With consumer price inflation dipping in December and a narrative building on a V-shaped recovery, there would have been little justification for the Monetary Policy Committee (MPC) to resume its rate cuts in its latest review. It is, therefore, no surprise that it has held key policy rates. If at all there was a case for tinkering, it was on the continuation of its extra-accommodative liquidity stance, in a visibly reviving economy. But the MPC has chosen to stay the course on this, too, making a commitment to continue with this stance through this fiscal and the next.

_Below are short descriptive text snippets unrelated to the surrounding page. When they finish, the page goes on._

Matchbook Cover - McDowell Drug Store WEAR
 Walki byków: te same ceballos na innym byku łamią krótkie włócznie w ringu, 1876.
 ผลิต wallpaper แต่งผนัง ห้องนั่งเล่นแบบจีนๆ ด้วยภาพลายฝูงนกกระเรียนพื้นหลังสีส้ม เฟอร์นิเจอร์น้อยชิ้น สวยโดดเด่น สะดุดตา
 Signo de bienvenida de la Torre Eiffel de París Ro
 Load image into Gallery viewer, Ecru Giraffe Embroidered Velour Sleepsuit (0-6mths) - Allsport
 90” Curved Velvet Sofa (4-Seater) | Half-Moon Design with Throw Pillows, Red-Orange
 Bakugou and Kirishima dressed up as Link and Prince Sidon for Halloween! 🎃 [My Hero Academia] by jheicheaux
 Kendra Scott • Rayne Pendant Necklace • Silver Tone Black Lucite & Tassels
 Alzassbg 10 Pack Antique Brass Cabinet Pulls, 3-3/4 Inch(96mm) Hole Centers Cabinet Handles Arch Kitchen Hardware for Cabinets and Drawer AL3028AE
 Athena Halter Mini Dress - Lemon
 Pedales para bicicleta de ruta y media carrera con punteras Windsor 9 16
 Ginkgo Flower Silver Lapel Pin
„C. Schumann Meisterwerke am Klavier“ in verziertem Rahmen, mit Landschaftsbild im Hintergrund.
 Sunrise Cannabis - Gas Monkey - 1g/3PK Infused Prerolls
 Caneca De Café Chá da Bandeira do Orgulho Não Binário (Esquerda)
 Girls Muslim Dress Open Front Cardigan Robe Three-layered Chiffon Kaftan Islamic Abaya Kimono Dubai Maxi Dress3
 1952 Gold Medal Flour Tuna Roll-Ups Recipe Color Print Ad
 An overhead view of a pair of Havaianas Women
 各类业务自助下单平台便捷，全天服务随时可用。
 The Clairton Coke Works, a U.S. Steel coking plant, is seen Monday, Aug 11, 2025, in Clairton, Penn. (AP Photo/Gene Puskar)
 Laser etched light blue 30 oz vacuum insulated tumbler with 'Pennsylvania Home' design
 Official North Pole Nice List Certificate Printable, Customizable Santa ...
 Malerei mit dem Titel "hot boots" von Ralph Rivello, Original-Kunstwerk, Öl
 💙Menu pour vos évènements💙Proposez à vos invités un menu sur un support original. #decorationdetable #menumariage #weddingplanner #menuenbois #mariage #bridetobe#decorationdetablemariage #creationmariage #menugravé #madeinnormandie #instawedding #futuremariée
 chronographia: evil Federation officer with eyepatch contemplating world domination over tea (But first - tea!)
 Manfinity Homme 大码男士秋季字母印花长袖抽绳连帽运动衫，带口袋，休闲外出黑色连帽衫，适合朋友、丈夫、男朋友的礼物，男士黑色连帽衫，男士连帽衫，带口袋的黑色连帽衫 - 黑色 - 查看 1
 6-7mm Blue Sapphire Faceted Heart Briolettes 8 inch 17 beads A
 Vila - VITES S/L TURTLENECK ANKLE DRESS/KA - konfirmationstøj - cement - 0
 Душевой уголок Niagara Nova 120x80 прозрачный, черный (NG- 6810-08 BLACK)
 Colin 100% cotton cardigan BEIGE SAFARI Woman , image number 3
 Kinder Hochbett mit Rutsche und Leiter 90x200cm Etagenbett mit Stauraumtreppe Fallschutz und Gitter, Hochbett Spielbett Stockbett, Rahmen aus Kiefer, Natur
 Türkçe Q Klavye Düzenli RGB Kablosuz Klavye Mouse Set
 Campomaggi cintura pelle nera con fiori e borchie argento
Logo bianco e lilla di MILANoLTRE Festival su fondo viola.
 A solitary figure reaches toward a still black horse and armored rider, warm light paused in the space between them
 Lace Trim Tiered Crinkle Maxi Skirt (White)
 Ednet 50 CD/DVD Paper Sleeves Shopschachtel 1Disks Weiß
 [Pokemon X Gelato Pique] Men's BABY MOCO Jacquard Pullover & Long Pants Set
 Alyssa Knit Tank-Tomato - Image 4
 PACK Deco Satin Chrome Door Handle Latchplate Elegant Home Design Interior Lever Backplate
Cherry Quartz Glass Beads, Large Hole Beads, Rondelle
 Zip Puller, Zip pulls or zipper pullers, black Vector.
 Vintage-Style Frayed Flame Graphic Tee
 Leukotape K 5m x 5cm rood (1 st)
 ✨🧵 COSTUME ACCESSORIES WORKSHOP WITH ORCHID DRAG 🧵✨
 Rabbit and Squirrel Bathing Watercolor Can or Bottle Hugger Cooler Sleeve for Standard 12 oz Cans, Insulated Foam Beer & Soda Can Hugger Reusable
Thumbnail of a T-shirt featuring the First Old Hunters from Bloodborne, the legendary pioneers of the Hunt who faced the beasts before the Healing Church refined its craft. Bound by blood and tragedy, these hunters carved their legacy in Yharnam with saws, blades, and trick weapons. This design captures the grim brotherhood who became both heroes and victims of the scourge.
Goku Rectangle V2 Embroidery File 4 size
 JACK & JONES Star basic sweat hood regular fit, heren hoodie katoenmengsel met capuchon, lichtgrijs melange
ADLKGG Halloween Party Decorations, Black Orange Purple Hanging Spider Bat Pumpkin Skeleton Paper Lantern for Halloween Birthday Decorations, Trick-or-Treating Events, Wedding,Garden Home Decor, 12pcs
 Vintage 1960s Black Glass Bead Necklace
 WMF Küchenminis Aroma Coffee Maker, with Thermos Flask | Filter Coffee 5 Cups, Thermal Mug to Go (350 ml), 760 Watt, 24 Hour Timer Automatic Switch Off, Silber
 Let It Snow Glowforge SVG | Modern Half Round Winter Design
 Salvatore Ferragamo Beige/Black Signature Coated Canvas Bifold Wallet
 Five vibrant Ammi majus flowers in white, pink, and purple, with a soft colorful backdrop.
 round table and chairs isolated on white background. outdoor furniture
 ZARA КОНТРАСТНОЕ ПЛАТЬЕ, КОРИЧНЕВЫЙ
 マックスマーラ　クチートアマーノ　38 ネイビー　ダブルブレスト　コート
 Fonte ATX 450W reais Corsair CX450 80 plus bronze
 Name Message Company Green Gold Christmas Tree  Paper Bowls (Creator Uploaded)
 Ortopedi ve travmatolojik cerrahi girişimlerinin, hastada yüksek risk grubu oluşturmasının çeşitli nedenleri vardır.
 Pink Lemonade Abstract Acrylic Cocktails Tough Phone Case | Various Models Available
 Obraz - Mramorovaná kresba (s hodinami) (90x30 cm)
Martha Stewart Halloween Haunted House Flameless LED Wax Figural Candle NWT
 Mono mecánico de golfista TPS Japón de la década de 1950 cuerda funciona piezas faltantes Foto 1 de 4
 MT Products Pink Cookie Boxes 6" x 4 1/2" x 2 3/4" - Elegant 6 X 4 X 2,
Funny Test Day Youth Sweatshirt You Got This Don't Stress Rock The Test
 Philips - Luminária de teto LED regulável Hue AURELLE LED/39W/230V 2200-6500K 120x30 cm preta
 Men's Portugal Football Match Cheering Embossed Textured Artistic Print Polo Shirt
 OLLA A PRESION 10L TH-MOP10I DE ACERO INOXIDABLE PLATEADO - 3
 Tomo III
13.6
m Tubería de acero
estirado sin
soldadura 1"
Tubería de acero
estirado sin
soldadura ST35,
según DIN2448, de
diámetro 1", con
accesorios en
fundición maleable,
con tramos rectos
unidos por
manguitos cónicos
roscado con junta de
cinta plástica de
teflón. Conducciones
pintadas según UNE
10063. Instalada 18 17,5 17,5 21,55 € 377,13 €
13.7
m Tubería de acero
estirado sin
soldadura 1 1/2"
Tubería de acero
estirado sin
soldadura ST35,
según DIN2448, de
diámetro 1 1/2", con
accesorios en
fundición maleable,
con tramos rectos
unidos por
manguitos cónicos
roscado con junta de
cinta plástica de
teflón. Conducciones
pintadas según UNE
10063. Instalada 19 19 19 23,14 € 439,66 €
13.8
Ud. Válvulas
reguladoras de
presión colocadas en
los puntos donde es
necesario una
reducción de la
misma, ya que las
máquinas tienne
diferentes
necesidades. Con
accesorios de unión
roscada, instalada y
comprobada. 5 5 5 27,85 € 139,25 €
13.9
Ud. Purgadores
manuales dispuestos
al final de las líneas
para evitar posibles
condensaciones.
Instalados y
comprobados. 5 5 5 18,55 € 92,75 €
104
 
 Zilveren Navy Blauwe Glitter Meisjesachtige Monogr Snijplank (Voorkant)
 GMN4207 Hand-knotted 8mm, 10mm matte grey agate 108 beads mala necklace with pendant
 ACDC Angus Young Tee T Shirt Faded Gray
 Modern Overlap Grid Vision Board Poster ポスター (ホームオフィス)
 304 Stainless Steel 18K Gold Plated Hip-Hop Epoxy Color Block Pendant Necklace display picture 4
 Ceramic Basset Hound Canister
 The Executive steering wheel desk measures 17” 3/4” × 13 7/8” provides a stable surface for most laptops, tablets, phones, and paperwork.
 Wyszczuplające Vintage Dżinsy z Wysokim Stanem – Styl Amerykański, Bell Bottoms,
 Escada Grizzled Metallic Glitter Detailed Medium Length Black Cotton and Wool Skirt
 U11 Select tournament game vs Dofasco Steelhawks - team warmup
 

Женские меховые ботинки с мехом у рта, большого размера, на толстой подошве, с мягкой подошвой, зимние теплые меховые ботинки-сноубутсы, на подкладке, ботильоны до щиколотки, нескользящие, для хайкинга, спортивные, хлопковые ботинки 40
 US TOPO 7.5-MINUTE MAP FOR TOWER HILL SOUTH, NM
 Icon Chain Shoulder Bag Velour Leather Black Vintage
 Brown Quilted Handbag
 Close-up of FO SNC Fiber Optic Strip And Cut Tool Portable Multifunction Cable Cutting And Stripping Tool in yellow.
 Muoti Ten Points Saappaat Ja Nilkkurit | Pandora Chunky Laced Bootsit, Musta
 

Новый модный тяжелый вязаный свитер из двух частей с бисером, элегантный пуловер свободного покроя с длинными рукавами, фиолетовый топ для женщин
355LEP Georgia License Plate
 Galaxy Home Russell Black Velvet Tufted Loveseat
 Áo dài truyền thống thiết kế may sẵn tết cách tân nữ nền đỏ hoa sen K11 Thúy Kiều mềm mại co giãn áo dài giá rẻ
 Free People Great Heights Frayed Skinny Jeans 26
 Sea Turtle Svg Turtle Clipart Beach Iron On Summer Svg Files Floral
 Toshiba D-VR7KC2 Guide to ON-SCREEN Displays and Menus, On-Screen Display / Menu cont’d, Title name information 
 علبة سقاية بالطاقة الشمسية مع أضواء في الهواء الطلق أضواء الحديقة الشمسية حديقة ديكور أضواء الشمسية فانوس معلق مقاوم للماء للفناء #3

The MPC has used benign inflation projections for this fiscal (revised down from 5.8 to 5.2 per cent for Q4) to bolster its case for low rates, while admitting that there could be upside risks from input cost pressures and improving demand. On growth, while the commentary is bullish, the RBI’s real GDP projection for FY22 at 10.5 per cent is lower than the Economic Survey’s 11 per cent. The RBI has walked the talk on continuation of easy liquidity by expanding its on-tap targeted repo scheme from banks to NBFCs, extending the relaxation on marginal standing facility, putting off capital conservation buffers for banks and even announcing a Cash Reserve Ratio (CRR) concession for lending to new MSME borrowers. Restoration of CRR from 3 to 4 per cent, the only measure that clamps down on liquidity, is expected to be compensated by open market operations. Given that the bond market has been fretting over the Centre’s elevated deficits and mega market borrowings since the Budget, it is strange that neither the MPC nor the Governor’s statement cites this as a risk to the low-rate regime. But reading between the lines, the RBI’s assurance that it would ‘ensure’ orderly completion of government borrowings, suggests that it will continue with its unconventional interventions to keep yields under check. While such interventions may work in the short run, it is moot if they can be kept up if market forces consistently exert countervailing pressure. In this context, facilitating direct retail participation in the G-sec market may turn out a win-win for both the government and savers who lack long-term fixed return avenues. But for this, retail investors must be allowed access to gilts through their current demat accounts via securities market intermediaries, instead of a separate dispensation for the money markets.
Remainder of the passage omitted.